## Action item
Make an exact copy of the listing underneath, skipping each picture.

## Material provided
===============

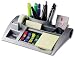 3M Post-it note silver desk tidy organiser supplied complete with Scotch Magic tape, Post-it notes and index, EACH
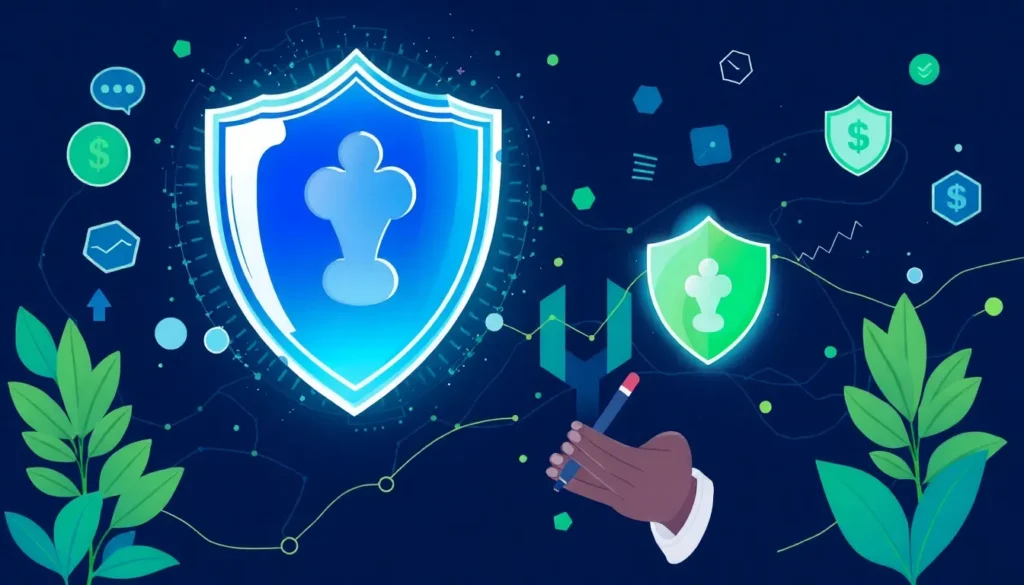 Protección Financiera - Diseño Visual Innovador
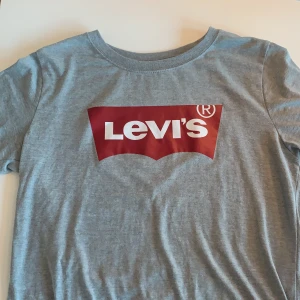 Grå Levis T-shirt  - Grå Levis T-shirt i strl 176cm men passar mig bra som är 170 . Start bud 60 kr⚡️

===============

## Answer box
 3M Post-it note silver desk tidy organiser supplied complete with Scotch Magic tape, Post-it notes and index, EACH
 Protección Financiera - Diseño Visual Innovador
 Grå Levis T-shirt  - Grå Levis T-shirt i strl 176cm men passar mig bra som är 170 . Start bud 60 kr⚡️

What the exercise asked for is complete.